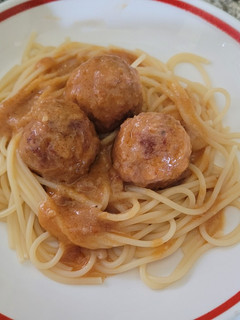 Una foto de Albóndigas con salsa de almendras y espaguetis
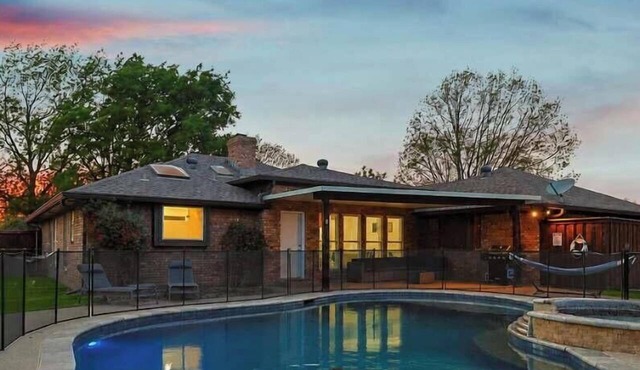 4BR Retreat w/Pool and Grill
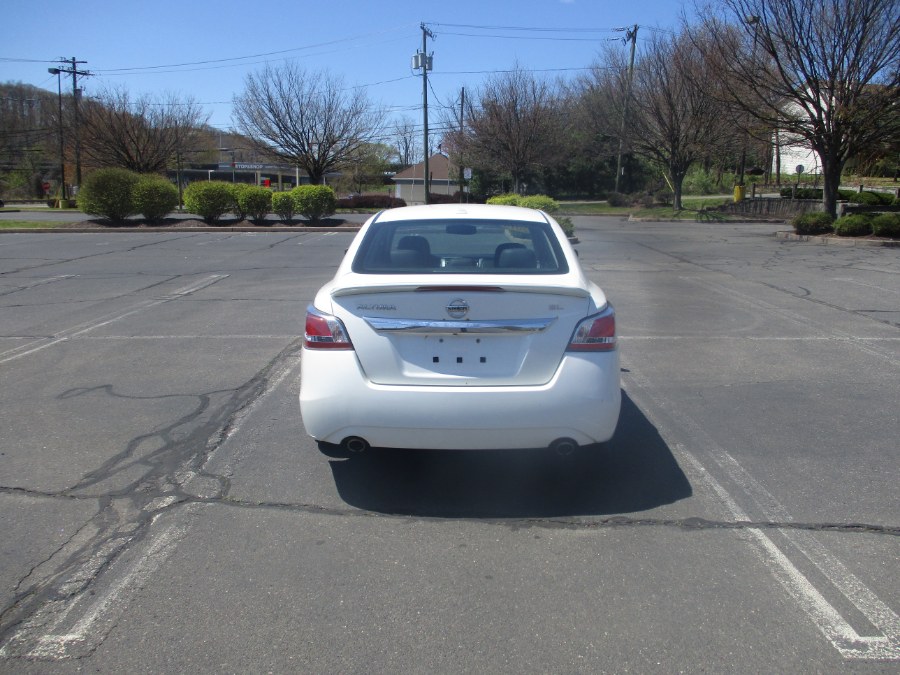 Used Nissan Altima 4dr Sdn I4 2.5 SL 2015 | Universal Motors LLC. New Britain, Connecticut Used Nissan Altima 4dr Sdn I4 2.5 SL 2015 | Universal Motors LLC. New Britain, Connecticut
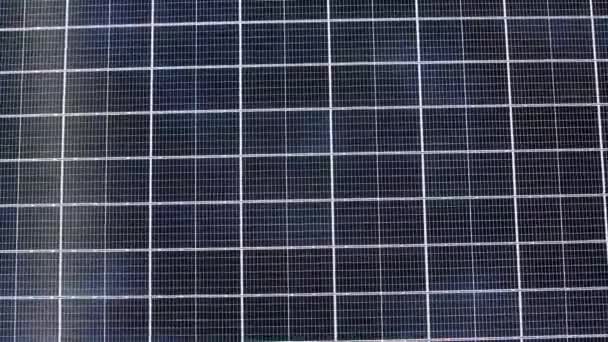 Painéis Solares Modernos Produzem Eletricidade Limpa Vista Superior Técnico Solar — Vídeo de Stock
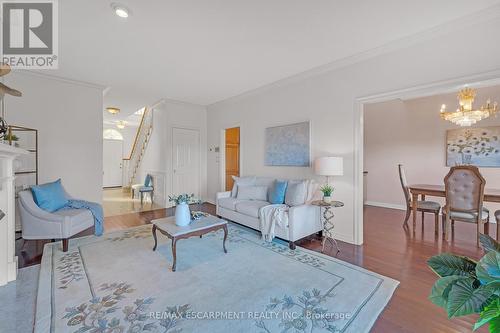 106 Fairwood Place W, Burlington, ON - Indoor Photo Showing Living Room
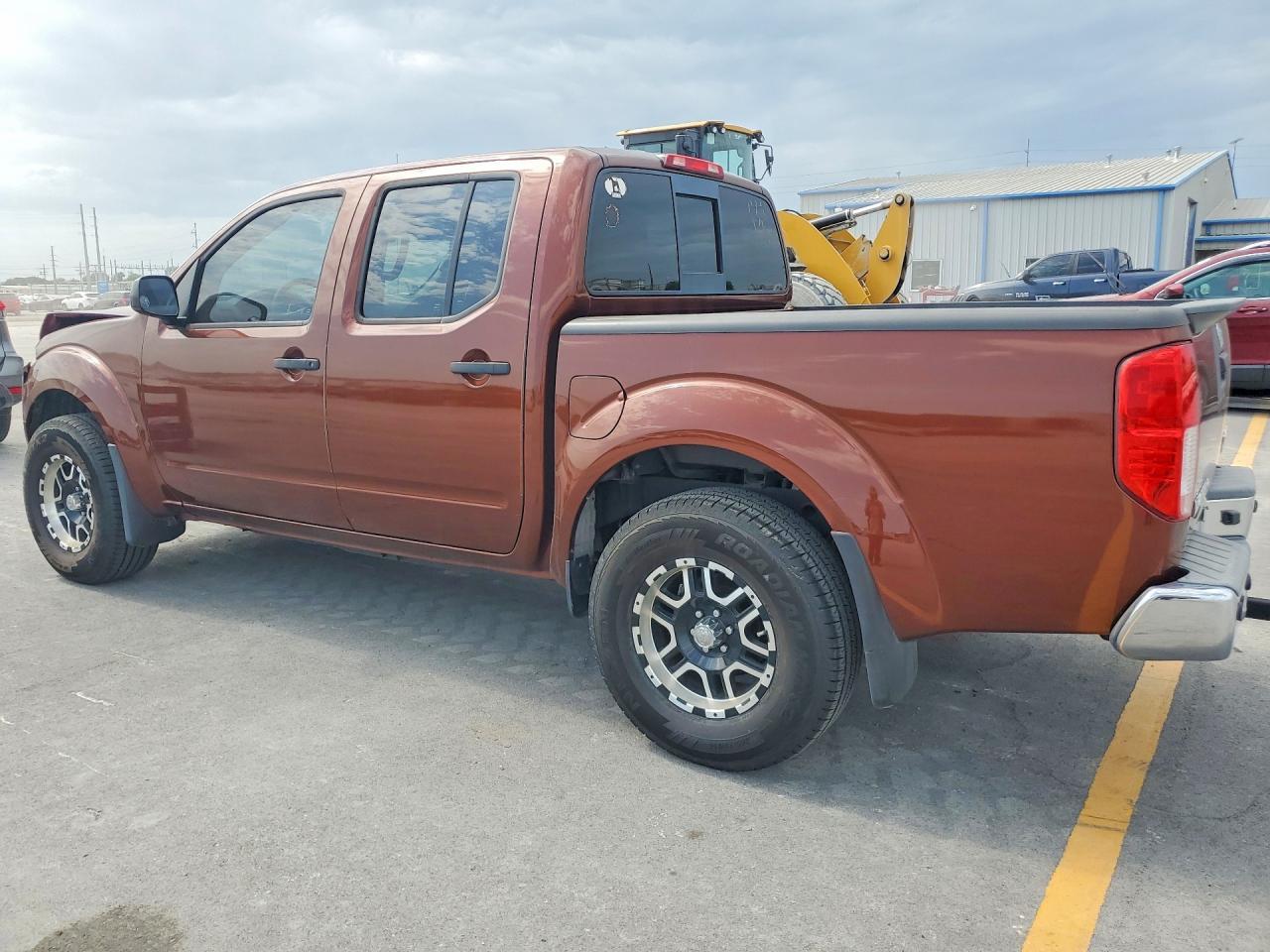 2018 Nissan Frontier Sv - Image 2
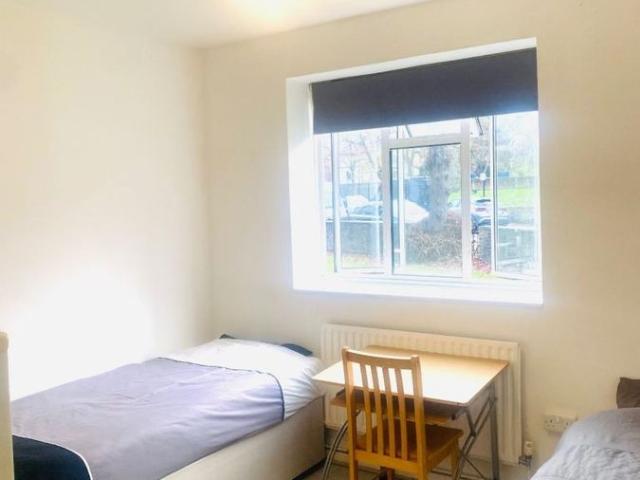 Room for rent in South Hampstead, Greater London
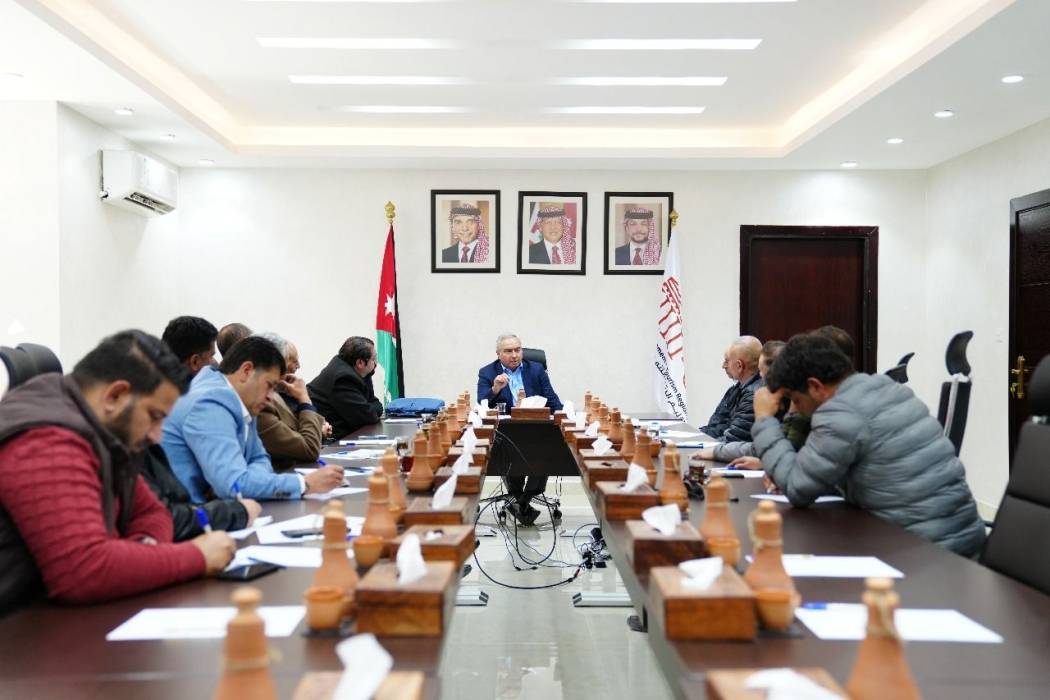 البريزات يلتقي ممثلين عن جمعية الأدلاء السياحيين في البترا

- - - - -

Exercise:
Word for word, reproduce all of the data, but keep out the pictures.

Exercise result:
 Una foto de Albóndigas con salsa de almendras y espaguetis
 4BR Retreat w/Pool and Grill
 Used Nissan Altima 4dr Sdn I4 2.5 SL 2015 | Universal Motors LLC. New Britain, Connecticut Used Nissan Altima 4dr Sdn I4 2.5 SL 2015 | Universal Motors LLC. New Britain, Connecticut
 Painéis Solares Modernos Produzem Eletricidade Limpa Vista Superior Técnico Solar — Vídeo de Stock
 106 Fairwood Place W, Burlington, ON - Indoor Photo Showing Living Room
 2018 Nissan Frontier Sv - Image 2
 Room for rent in South Hampstead, Greater London
 البريزات يلتقي ممثلين عن جمعية الأدلاء السياحيين في البترا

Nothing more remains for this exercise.